This sensor is intended to be used to estimate the position of a body relative to some sensor when only measurements of points on that body can be taken.
For example, this sensor is useful in the case of measuring april tags on some external body and using those measurements to estimate the full pose and twist of that body.
An example of this application can be seen here (or try ros2 launch fuse_tutorials fuse_apriltag_tutorial.launch.py to see the tutorial in action).
More generally, this sensor takes a transform between one frame in the set estimation_frames and one transform from the set transforms. When it receives such a transform, it will then apply a transform to this measurement to change it to be a measurement of the given target_frame. Then, it generates a 3D pose transaction for use by its parent optimizer.
If you want to use multiple estimation_frames, you should define a base_frame.
If this frame is non-empty, then you should set the map_frame_id and world_frame_id in the publisher to the same value.
When this is set, the sensor will transform its pose to be a measurement in base_frame of target_frame, and the odom it produces will be in base_frame. This can be used when e.g. you have multiple cameras, all positioned relative to world, and want them measuring the same object.

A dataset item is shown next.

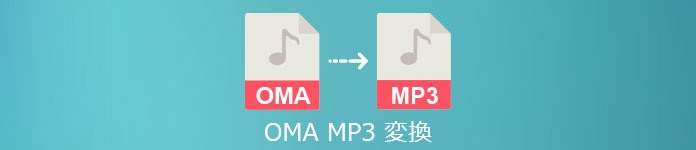 OMA MP3 変換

This allows the transform sensor to use any number of cameras to estimate the pose of some other object.
A slightly confusing aspect of the sensor is the need for multiple definitions of the target frame. Every frame in transforms needs a corresponding target_frame to be published for it to be used. This is simply because tf uses a tree data structure, and the target frames are leaves. These should all end up being in the same global location (discounting measurement noise) but will have different names.

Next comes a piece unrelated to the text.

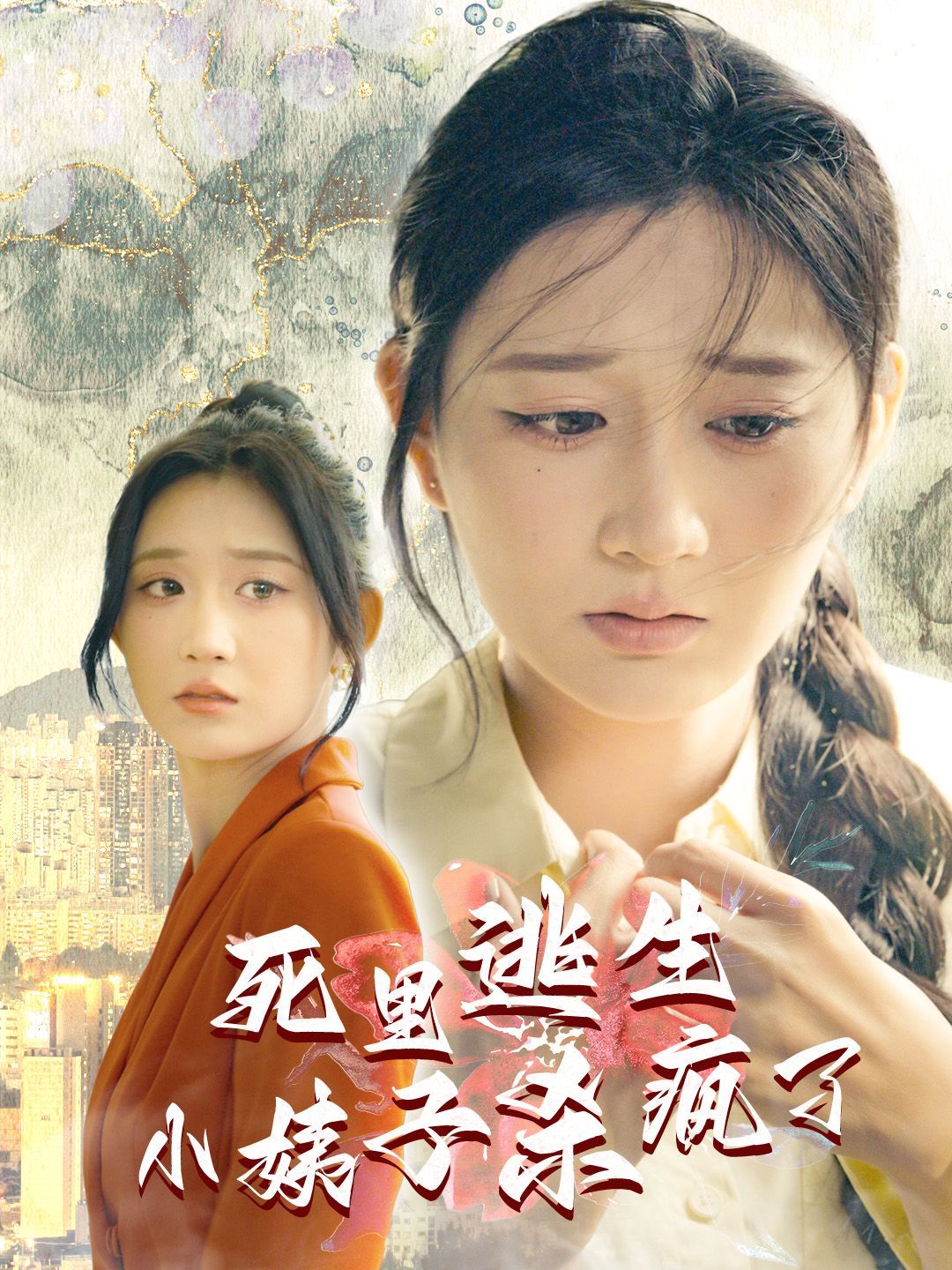 死里逃生，小姨子殺瘋了(全集)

For example, say we have estimation_frame camera, transforms {apriltag_1, apriltag_2}, and target_frame robot_center_of_mass.

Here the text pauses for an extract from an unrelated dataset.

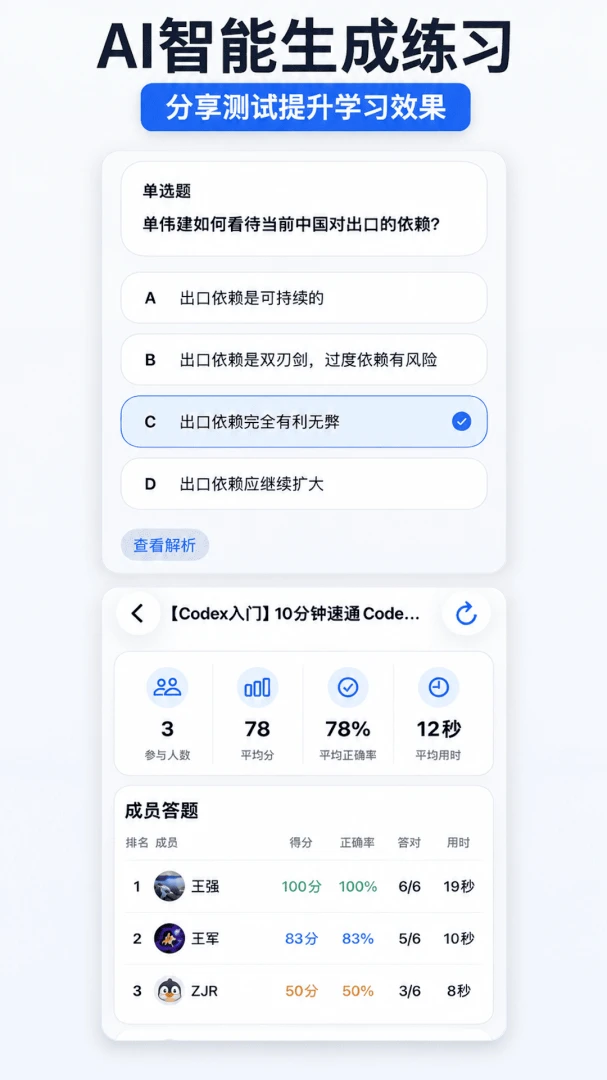 AI学习笔记2026最新版本 AI学习笔记2026最新版本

Our transform sensor receives a transform (published on the standard /tf topic) from camera to apriltag_1.
This measurement transform has translation (-1, 0, 0) (ignore rotation in this example).
This is the transformation to apply to go from camera frame to apriltag_1 frame, so the translation is the negative of the position of the april tag in camera frame.
There is a static (though it doesn't need to be static) transform published from apriltag_1 to target_frame_apriltag_1.
This transform has translation (-0.25, -0.5, 0) (again, ignoring rotation).
It should be noted that this is the negative position of the target frame in the april tag's frame.
Our sensor will take the measurement from camera to apriltag_1 and transform it to a pose from camera to target_frame by 'adding' the transform from apriltag_1 to target_frame_apriltag_1.
Thus, our measurement of the actual position of target_frame that will be used to generate the constraint will be (1.25, 0.5, 0).
It is not (-1.25, -0.5, 0) because the translation of T_a_to_b is the negation of the pose of b in frame a.
Finally, this transaction is sent to the optimizer, as normal.